Lovette: That’s a fact. If you’re sitting in a shopping mall for example and there is a loud noise–if there is a reason that you can turn around, that’s fine, but otherwise, I’m not comfortable with obvious scanning.

They even teach turning to look in all directions on ranges–you shoot and then you look behind you. If I am in that situation, I would much rather get my back up against something. Is there something I can get against really quick? A wall? A refrigerator? I don’t care what it is, if I can get my back up against it, that takes part of the approach opportunities away from other people.

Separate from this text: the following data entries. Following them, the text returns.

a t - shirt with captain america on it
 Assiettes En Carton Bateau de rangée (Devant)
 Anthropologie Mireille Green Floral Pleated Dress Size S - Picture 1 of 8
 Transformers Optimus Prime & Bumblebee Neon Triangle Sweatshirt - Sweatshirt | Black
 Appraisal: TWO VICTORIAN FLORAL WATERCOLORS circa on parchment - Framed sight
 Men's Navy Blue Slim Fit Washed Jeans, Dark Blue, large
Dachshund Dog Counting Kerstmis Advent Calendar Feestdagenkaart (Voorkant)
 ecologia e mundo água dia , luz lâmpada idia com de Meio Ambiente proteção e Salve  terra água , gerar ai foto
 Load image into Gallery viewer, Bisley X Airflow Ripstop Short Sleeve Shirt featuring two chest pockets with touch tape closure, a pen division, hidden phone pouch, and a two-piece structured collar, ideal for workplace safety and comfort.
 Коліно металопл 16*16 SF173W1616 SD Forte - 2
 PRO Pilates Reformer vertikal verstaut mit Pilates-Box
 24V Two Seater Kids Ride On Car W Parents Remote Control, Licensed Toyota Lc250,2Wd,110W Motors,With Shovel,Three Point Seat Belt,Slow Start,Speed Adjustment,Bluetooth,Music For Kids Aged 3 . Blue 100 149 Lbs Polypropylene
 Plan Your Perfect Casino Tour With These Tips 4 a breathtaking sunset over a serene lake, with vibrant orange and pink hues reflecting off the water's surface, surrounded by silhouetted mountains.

eJournal: Something that’s related is the great body of conflicting advice given about making eye contact. This ranges from looking strangers in the eye so they know you identified them to the opposite idea that eye contact will challenge them to fight. Can eye contact be too aggressive and be mistaken as a challenge?

Lovette: I think it can, and if you’re armed and depending on all the other factors, you may want to do that because it may be what it takes to shut this person down. But there is another way if the last thing you want is a confrontation. The best way I can describe it is like a glance. You look at them just long enough to let them know that you see them and then you look at something else. A lot of the time, if you take that element of surprise away from them, it just is not going to be fun anymore because they’ve been spotted.

That is pretty easy to practice. Some people call it a soft focus. The best way I know to describe the glance is like using a flashlight—you don’t shine it in their eyes, you just swipe the light across their face. That glance is like that. It is “on” for a couple of seconds and then it moves on to something else. It is long enough for them to know that they have been seen but not long enough challenge them.

eJournal: Criminals need victims and we’d rather not be chosen. What characteristics do you think affect victim selection?

Lovette: The determining factors I’m seeing seem to be race, sex or age. Those are the things I think make somebody vulnerable to an attack.

eJournal: That’s ironic since it doesn’t work for us to evaluate threats based on age, gender or race. How do we gauge how big a threat a stranger might be?

Lovette: I tell people not to look at the person by their race, age or sex. Instead look at the person’s actions and look at their interests. If they seem unnaturally interested in something that causes you to wonder what in the heck are they doing, that is all you need to see right there. Someone needs to follow up on what that person is doing. That is not profiling! You are just acting on what you are seeing and what the person is doing. You don’t care about their nationality.

eJournal: Perfect! Reporting the action eliminates worry that authorities suspect we’re racists calling about someone of another race walking through the neighborhood. You’ve taught us to describe actions that suggest preparation to commit a crime.

Lovette: Say, “Here is what they were doing; here is where they were.” You are looking for something that is out of place; you are looking for actions that are out of place. That is the guideline.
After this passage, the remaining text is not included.